Меня слегка подташнивало то ли от быстрой езды, то ли от голода. А, может, от того, что этот чёртов Антон всё восхищался и восхищался Моцартом. Я искренне верила, что он именно такой или даже лучше. Но мне хотелось выйти.
— Далеко ещё до парка?
— Да, да, чёрт, ты же сказала, что мы едем в парк. Нет, я не забыл, просто отвлёкся. Но мы сейчас… — он думал, словно воспроизводя в уме карту. — Да, с это стороны подъехать даже будет лучше. Там пруд ближе.

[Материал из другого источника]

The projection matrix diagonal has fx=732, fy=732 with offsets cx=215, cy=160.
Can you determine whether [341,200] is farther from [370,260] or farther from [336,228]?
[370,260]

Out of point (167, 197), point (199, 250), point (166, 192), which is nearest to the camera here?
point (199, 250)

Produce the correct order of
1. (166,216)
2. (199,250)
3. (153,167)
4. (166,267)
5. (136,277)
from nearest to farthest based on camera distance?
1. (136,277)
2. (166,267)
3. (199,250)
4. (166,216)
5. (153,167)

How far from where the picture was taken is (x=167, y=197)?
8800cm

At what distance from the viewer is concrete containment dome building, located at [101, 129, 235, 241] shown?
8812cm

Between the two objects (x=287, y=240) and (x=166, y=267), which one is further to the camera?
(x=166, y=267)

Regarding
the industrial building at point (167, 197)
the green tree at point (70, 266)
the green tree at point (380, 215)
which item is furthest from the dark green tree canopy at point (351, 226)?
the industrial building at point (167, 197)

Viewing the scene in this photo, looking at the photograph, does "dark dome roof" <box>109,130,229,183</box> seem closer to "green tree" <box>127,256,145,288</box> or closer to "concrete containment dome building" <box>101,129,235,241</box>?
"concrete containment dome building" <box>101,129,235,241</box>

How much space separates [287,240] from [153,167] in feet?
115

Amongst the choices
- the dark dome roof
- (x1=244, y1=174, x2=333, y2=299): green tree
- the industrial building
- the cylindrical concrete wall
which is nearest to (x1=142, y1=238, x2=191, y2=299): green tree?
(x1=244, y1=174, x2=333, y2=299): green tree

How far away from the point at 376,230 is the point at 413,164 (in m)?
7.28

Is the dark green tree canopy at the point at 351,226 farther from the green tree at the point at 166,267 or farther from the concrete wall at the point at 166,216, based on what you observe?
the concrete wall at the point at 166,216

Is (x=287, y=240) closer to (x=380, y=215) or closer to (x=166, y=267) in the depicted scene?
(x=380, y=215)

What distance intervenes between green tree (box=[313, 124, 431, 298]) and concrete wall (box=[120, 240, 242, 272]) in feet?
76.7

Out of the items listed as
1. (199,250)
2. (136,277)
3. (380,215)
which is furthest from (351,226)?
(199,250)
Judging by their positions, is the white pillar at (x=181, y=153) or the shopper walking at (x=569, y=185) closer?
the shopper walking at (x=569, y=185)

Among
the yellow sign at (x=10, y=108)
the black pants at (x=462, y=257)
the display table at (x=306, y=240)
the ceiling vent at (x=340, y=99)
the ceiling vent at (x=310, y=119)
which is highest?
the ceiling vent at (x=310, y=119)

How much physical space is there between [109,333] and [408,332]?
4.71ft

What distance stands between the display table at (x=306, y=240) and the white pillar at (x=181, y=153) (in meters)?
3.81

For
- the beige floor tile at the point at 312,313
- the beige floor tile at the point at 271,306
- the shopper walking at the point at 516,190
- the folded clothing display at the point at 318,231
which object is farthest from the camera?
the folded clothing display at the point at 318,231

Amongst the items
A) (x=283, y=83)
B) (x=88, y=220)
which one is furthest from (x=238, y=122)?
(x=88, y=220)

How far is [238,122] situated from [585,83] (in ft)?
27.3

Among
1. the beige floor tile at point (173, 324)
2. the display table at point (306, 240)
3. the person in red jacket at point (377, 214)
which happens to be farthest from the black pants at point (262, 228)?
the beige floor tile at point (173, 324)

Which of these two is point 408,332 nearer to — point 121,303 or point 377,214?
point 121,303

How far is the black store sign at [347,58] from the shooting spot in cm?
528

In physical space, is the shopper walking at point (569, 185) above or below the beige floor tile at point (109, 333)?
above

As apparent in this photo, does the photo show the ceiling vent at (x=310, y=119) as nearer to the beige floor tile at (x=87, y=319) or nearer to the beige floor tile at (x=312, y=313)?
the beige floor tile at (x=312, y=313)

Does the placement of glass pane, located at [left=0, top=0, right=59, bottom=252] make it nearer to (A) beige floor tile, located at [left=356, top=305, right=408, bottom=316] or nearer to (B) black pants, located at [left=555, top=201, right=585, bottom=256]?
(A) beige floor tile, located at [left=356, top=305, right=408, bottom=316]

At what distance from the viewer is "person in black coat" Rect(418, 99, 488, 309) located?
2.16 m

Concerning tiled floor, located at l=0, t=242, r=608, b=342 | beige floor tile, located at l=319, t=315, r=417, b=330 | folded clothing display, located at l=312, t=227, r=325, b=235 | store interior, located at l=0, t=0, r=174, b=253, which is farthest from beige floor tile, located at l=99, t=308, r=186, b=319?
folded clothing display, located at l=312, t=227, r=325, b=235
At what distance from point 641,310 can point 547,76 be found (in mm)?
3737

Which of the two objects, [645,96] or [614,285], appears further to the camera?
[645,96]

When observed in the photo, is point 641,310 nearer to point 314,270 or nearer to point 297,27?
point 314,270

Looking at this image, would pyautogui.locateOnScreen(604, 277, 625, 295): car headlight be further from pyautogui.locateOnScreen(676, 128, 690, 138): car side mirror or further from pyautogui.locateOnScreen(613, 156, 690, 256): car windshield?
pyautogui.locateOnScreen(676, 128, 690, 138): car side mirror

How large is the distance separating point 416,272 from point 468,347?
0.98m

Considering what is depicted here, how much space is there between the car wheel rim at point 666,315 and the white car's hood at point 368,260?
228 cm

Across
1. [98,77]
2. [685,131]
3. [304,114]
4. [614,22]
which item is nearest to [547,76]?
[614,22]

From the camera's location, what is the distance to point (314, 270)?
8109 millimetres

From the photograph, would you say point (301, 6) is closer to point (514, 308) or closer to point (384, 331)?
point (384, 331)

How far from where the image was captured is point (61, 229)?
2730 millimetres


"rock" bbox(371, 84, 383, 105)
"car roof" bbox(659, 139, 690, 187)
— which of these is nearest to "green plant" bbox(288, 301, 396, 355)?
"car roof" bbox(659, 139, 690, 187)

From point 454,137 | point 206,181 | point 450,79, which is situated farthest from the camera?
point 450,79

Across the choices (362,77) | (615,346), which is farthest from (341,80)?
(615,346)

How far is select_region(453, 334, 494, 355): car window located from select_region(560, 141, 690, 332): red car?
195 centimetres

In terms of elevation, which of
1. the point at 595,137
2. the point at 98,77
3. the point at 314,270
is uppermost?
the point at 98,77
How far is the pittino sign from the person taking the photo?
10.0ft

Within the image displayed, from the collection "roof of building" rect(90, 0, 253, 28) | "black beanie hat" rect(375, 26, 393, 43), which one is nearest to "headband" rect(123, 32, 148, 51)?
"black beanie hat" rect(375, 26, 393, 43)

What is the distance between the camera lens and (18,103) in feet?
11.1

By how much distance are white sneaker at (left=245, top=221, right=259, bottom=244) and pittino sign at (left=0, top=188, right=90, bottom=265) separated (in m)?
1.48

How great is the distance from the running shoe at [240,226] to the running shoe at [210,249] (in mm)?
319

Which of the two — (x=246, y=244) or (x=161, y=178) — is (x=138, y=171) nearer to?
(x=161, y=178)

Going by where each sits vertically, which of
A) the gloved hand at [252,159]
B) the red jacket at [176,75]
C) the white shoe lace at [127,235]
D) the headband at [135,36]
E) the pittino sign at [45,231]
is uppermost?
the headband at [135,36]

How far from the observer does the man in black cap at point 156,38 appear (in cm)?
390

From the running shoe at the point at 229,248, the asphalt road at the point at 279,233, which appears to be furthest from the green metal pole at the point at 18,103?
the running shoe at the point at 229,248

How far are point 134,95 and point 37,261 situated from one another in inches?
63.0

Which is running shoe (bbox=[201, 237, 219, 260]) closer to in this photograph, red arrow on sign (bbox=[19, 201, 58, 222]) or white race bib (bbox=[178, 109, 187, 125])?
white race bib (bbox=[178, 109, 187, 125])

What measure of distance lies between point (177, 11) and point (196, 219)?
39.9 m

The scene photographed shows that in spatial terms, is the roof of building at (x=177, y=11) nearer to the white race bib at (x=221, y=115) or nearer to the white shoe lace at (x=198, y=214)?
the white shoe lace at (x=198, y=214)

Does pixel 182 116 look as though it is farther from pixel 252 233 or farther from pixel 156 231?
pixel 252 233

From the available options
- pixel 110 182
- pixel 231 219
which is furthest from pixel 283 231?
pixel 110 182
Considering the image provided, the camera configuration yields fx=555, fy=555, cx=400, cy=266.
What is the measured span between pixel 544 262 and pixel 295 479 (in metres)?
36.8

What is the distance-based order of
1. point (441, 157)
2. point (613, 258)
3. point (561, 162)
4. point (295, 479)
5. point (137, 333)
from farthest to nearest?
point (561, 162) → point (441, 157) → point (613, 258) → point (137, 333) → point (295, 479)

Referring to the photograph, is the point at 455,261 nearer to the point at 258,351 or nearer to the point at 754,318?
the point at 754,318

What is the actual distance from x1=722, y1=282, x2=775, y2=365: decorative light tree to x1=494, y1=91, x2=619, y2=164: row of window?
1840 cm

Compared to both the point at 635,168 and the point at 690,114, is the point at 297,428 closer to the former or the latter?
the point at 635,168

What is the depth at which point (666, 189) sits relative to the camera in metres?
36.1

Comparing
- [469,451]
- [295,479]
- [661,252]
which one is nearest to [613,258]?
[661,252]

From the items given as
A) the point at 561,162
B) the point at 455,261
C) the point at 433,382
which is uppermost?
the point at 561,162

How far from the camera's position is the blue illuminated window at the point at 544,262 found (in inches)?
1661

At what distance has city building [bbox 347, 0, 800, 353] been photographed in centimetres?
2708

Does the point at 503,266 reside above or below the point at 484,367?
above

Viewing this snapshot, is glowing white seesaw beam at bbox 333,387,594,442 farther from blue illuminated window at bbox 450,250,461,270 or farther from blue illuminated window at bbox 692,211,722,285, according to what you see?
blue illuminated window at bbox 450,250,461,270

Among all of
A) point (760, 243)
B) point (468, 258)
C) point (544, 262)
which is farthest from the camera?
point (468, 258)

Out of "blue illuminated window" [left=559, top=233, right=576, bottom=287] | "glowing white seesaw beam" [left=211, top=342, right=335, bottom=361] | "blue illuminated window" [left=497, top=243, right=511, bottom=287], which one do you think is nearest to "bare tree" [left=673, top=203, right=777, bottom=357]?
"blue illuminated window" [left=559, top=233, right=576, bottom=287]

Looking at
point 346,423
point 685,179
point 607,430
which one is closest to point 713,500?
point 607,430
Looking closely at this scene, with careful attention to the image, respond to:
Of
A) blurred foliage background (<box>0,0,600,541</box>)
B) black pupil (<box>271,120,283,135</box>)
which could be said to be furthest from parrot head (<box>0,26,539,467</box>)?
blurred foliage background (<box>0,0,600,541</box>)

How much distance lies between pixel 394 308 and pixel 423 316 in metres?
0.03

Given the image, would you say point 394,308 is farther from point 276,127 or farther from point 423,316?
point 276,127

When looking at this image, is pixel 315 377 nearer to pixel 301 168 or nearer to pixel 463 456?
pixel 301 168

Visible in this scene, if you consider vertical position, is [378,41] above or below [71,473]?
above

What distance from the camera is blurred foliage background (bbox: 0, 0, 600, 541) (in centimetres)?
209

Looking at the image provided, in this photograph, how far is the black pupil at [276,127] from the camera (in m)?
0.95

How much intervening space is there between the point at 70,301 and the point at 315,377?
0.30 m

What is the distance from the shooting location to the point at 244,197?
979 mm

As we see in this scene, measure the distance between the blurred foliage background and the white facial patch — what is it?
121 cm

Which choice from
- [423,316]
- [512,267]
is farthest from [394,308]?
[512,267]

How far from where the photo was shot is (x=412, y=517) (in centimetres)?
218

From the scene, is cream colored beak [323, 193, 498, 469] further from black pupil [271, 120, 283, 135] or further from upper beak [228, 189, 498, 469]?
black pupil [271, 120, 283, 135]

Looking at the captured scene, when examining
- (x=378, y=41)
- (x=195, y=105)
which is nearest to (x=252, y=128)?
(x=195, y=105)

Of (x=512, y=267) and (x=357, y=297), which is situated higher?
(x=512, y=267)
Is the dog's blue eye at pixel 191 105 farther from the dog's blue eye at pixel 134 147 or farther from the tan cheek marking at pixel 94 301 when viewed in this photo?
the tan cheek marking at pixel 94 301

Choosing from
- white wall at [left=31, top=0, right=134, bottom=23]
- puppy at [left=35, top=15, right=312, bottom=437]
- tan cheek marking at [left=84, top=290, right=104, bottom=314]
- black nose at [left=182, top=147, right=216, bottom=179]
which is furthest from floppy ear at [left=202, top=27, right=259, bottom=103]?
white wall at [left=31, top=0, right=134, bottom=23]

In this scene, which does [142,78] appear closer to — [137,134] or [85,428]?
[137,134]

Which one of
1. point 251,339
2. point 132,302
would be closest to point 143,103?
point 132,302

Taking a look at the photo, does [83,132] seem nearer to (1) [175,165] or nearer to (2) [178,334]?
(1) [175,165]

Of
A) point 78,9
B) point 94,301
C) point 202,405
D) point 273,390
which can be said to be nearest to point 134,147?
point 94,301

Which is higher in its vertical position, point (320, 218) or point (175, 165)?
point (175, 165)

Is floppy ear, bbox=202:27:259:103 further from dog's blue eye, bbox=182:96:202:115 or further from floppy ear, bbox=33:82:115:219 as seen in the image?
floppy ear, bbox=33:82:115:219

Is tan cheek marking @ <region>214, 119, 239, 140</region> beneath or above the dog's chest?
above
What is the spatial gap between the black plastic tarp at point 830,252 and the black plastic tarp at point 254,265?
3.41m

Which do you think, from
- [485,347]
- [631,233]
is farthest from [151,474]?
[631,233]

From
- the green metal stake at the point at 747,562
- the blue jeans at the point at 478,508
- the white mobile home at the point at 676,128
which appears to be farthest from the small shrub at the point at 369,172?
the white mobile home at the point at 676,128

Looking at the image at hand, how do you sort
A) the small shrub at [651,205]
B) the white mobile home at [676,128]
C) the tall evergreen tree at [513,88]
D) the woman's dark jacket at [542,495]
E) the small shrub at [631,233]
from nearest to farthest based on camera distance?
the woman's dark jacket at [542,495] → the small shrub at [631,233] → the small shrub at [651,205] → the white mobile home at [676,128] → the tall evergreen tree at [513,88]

— Может, воспользуешься навигатором? — предложила я, показывая на панель.
— Нет, мне не нужно в него всё время пялиться. У меня фотографическая память. Достаточно хотя бы раз посмотреть.
Он резко развернул машину. И только когда мы припарковались, и Антон помог мне выйти из машины, спросил:
— Так что случилось-то? — показал он рукой куда идти.
Вечернее освещение придавало почти безлюдному парку особое очарование. Нарядно блестели мощёные дорожки и крашеные деревянные лавочки. Деревья в свете фонарей казались скорее бурыми, чем зелёными, и невольно напоминали о близкой осени. А сами фонари на чугунных столбах выглядели как стражи, застывшие в почётном карауле.
— Сегодня я узнала, что отец меня продал, — я обошла один из столбов, задрав голову: ну точно солдат в шляпе армии конфедератов, и тяжело вздохнула, продолжив путь. — То есть я и раньше это знала. Но мне говорили, что у него не было выбора. А сегодня я узнала, что выбор был. Отец мог, нет, должен был отдать что-то другое. А он отдал меня.
— Сомневаюсь, — уверенно покачал он головой. — Думаю, это Моцарт не оставил ему выбора.
— Как раз наоборот. Моцарт сказал: я не особенная, — он этих слов снова защипало глаза, но я сдержалась. — Моцарт мог найти себе любую другую невесту. Но подвернулась я. И теперь у нас договор.
— В каком смысле договор? — остановился Антон.
— Я делаю то, что ему надо, — обернулась я. — Изображаю радость. Хожу с ним на разные приёмы, убеждаю всех, что у нас прямо любовь, мы пара. И скоро поженимся. А потом… потом он меня отпустит.
— Так это же хорошо, что он тебя отпустит? — смотрел он на меня с сомнением, явно не понимая, что именно я хотела сказать, а уж тем более что я чувствую. — И раз он так сказал…
— Конечно, выполнит своё обещание! — зло перебила я, но удивление на его лице словно приклеилось. — Вот только не говори, что ты не знал, что я с ним не по своей воле.
— Нет, нет, я знал, — шумно выдохнул он и снова пошёл за мной. — Ведь я был за рулём машины, что привезла тебя в его дом. Но я был с вами и на том вечере. И, прости, никогда бы не подумал, что у вас не по-настоящему, — моргал он, словно только что прозрел. — Правда, Жень. Он так зыркает, когда к тебе кто-то подходит. Я боялся в вертолёте, что, если к тебе нечаянно прикоснусь, он меня взглядом пришибёт. И всю вечеринку он глаз с тебя не спускал.